If I go there will be trouble
And if I stay it will be double"

Es war sicher nicht die feine Art. Aber mit dem Versprechen einer Heuer hatte er die Seeleute aus den Armen der leichten Mädchen und aus den geselligen Trinkrunden fortlocken können. Nun kamen sie an Bord getrottet, liebestrunken oder schlicht betrunken. Und auf den Rücken oder in den Händen schleppten sie ihre Habseligkeiten, die Truhen und Seesäcke mit dem spärlichen Besitz, den sie ihr eigen nannten. Sie hatten lange Zeit darben und hungern müssen, denn kaum noch jemand war dermaßen von allen guten Geistern verlassen, diese Insel noch anzufahren. Die Gelegenheit, endlich heimzukehren, wog schwerer als der Wunsch nach einem vergnüglichen Abend. Sie mochten zwar murren, aber bald hatten sie sich an Deck eingefunden - siebzehn Mann, wie er feststellen konnte. Mehr, als zu Zeiten im Dienst der Ritterschaft sich heuern ließen. Und mehr als genug, um mit vollen Segeln und in regelmäßigen Schichten auch die Dunkelzyklen hindurch zu fahren. Zu so einem Dunkelzyklus legten sie auch ab, denn im Schutz der Dunkelheit war es umso einfacher, allerlei zu vermeiden. Er konnte sich das elende Gehabe der Abschiede sparen und zugleich zusehen, dass er an den paar Dutzend Piratenschiffen vorbeischlüpfte.

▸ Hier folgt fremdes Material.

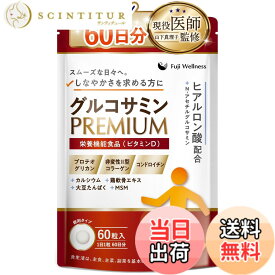 【送料無料】【大容量60日分・医師監修】グルコサミン PREMIUM 国内製造 プロテオグリカン コンドロイチン ヒアルロン酸 膝 関節 サプリ 非変性2型コラーゲン MSM カルシウム 鶏軟骨エキス MSM 大豆たんぱく プロテイン ビタミンD 栄養機能食品 Fuji Wellness
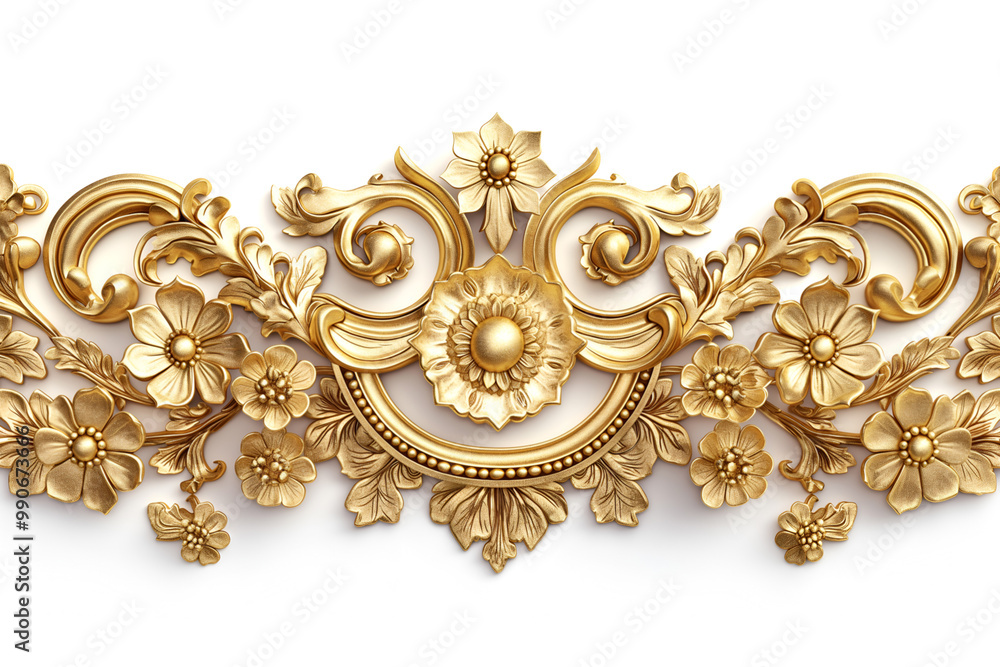 Elegant baroque style gold frame with floral motifs isolated on white, perfect for luxurious invitations, web design, or decorative print materials, featuring detailed flourishes and flowers. Elegant baroque style gold frame with floral motifs isolated on white, perfect for luxurious invitations, web design, or decorative print materials, featuring detailed flourishes and flowers.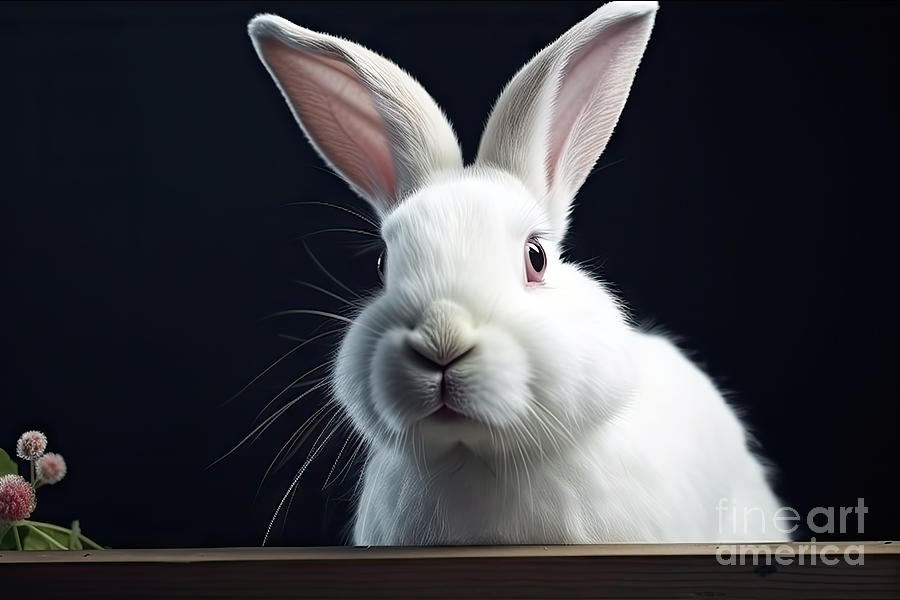 Nature Painting - white fluffy rabbit looking at the signboard. Isolated on dark background. Easter bunny by N Akkash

Als sich die roten Leinensegel mit dem Westwind füllten, war es nurnoch eine Sache von Momenten, bis die wenigen Lichter im Hafen Brandensteins kleiner wurden und schließlich in der Dunkelheit verschwanden. Ein viel gesehener Anblick, der es umso einfacher machte, das Herz von der Heimat zu lösen. Für die kommenden Wochen wäre seine "Litheth" wieder sein Zuhause, und sie würde ihm genügen. Dass er noch keinen Kurs festgelegt hatte, kümmerte ihn wenig, denn die Aussicht auf viele, lange Tage auf hoher See beflügelte die verstimmte Laune. Es dauerte natürlich nur kurz, bis der pochend schmerzende, rechte Arm ihn wieder in die triste, trübe Realität zurückholte. Eine frische Erinnerung an die Vielzahl an Leiden in Geist, Gemüt und Körper, die er der Insel zu verdanken hatte. Nun endlich war er befreit von ihren wankelmütigen Fügungen und den täglichen Sorgen und Nöten.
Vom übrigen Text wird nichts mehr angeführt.